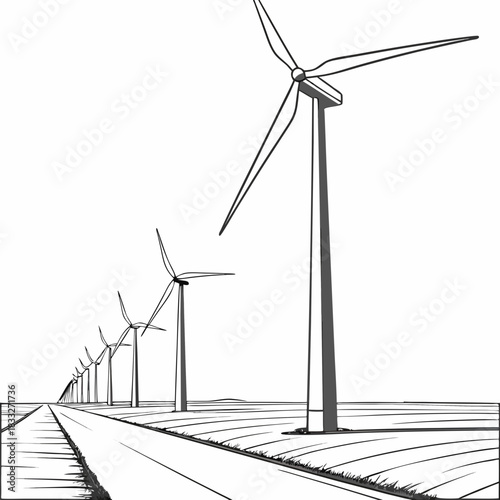 A row of wind turbines stands tall in a field next to a road under a clear sky symbolizing renewable energy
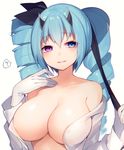  ? bad_id bad_twitter_id bare_shoulders blue_eyes blue_hair breasts collarbone covered_nipples drill_hair gloves hair_ribbon hand_on_own_chest heterochromia holding horns huge_breasts long_hair looking_at_viewer muryotaro open_clothes open_shirt original purple_eyes ribbon shirt solo upper_body white_background white_gloves 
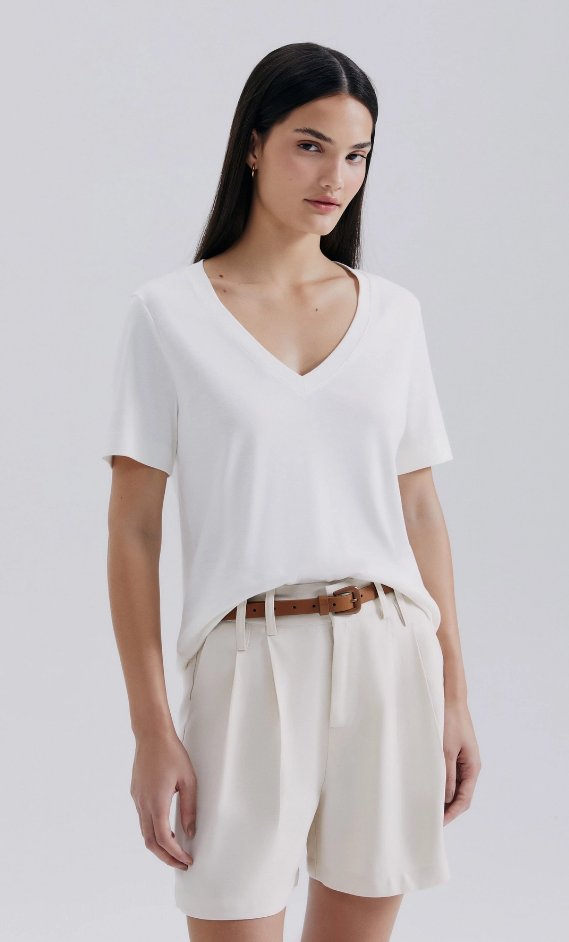 Blusa Básica Hering Feminina Decote V - Branco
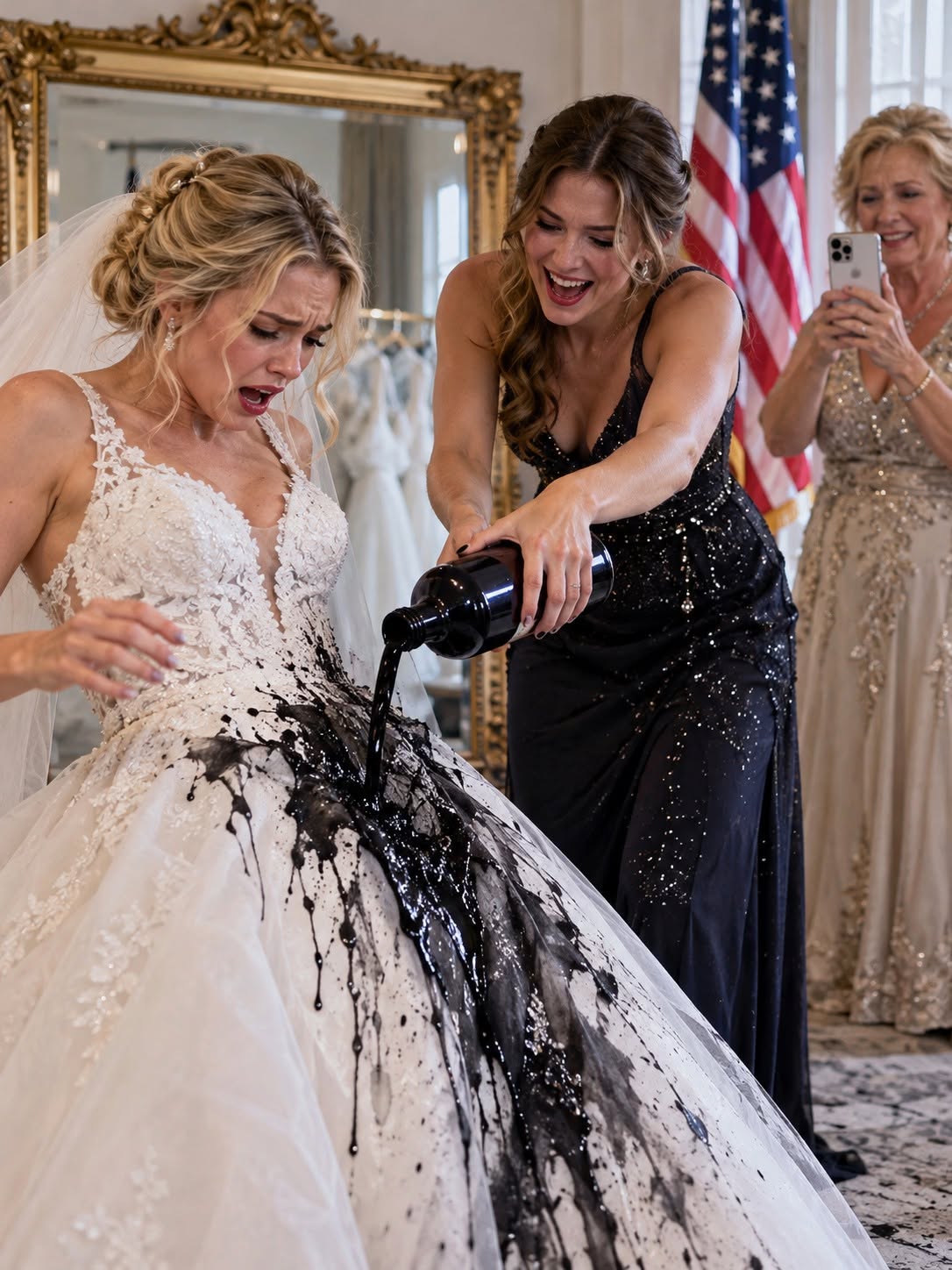 “Now you look perfect,” my sister laughed, pouring an entire bottle of black dye down my $3,200 wedding dress forty minutes before the ceremony. Ivory lace turned black. Dye dripped onto the carpet. My mother recorded everything instead of helping. I looked at Vanessa and smiled. Last night, my fiancé had revealed the secret she begged him to hide....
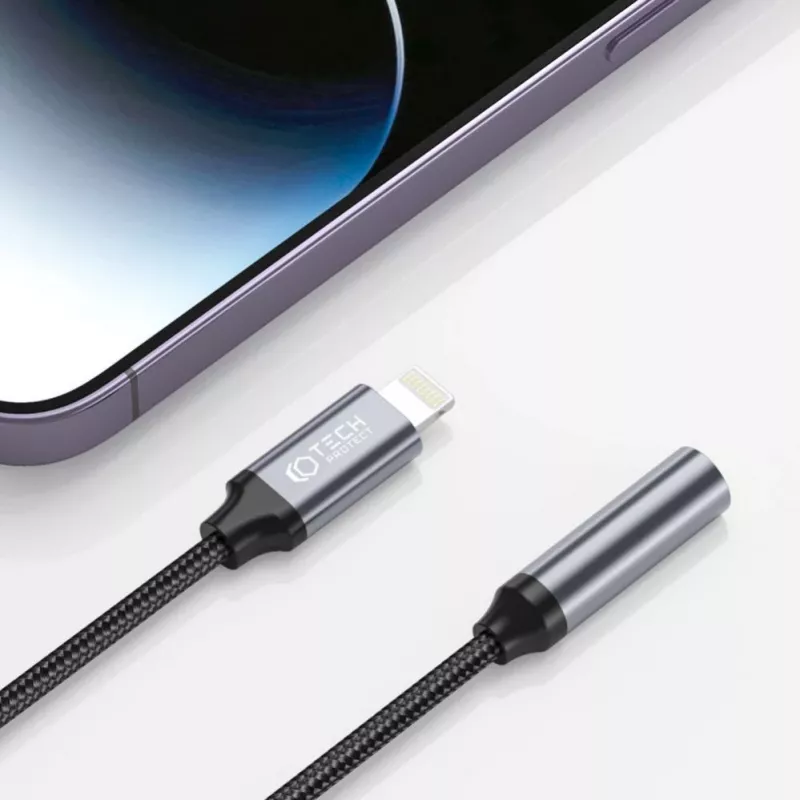 Tech-Protect Lightning (Vīrietis) uz 3.5mm Mini Jack (Sieviete) Adapteris - Balts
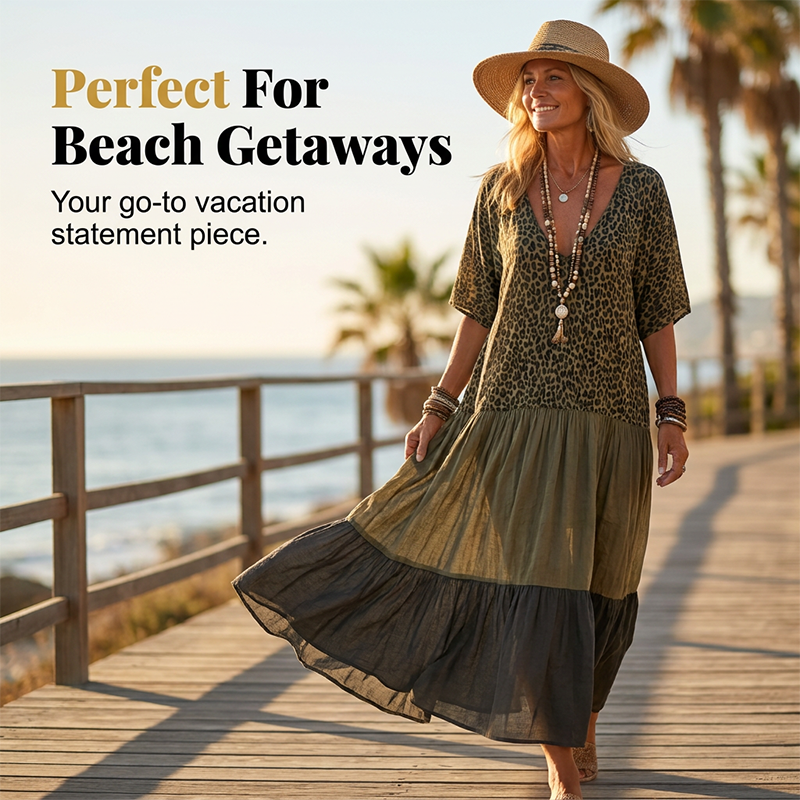 👗 LIMITED-TIME 50% OFF! ✨ Bohemian Leopard Maxi Dress – V-Neck, Tiered, Flowy Resort Style 🌴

--

# What the exercise asks:
Strip the images and return the remaining data exactly.

# Solution to this problem:
 A row of wind turbines stands tall in a field next to a road under a clear sky symbolizing renewable energy
  ? bad_id bad_twitter_id bare_shoulders blue_eyes blue_hair breasts collarbone covered_nipples drill_hair gloves hair_ribbon hand_on_own_chest heterochromia holding horns huge_breasts long_hair looking_at_viewer muryotaro open_clothes open_shirt original purple_eyes ribbon shirt solo upper_body white_background white_gloves 
 Blusa Básica Hering Feminina Decote V - Branco
 “Now you look perfect,” my sister laughed, pouring an entire bottle of black dye down my $3,200 wedding dress forty minutes before the ceremony. Ivory lace turned black. Dye dripped onto the carpet. My mother recorded everything instead of helping. I looked at Vanessa and smiled. Last night, my fiancé had revealed the secret she begged him to hide....
 Tech-Protect Lightning (Vīrietis) uz 3.5mm Mini Jack (Sieviete) Adapteris - Balts
 👗 LIMITED-TIME 50% OFF! ✨ Bohemian Leopard Maxi Dress – V-Neck, Tiered, Flowy Resort Style 🌴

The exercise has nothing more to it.